Most of these involved the heartbreaking character of Varya - in a lovely performance by Claudie Blakely - Ranyevskaya's older, practical daughter who has run the family home while it's fortunes have dwindled to zero and who has a wary but quiet affection for the equally shy Lopakhin. The painful fourth act scene when these two potential lovers attempt to voice their true feelings under the guise of small talk only to let the moment vanish for ever was profoundly moving. Their were fine supporting performances from Sarah Woodward as Charlotta - of the family, but not one of it - whose loss of security and home makes her one of Chekhov's most haunting figures, Kenneth Cranham's decrepit, tragic Firs, Tim McMullan's cadging friend of the family Simyonov-Pishchik and James Laurenson's permanently bewildered Gaev.

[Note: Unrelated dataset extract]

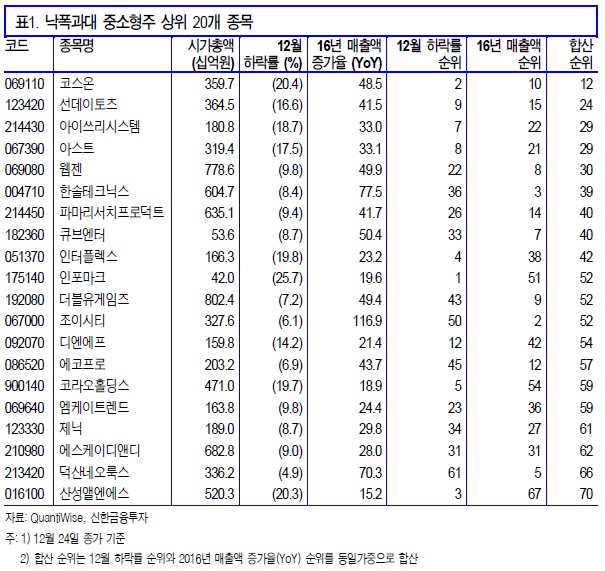 "연초 낙폭과대 중소형株 주목…코스온·디엔에프 등"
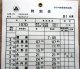 秋田内陸縦貫鉄道　「B1　仕業」施行日　平成24年3月17日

Conleth Hill and Zoe Wanamaker were both potentially exciting choices for Lopakhin and Ranyevskaya and while they both gave interesting performances neither banished memories of Roger Allam and Vanessa Redgrave in the 2001 production. In particular Zoe Wanamaker, so adept at playing clear-eyed, practical characters, seemed at times an odd fit for Ranyevskaya who simply refuses to see the woods for her cherry trees.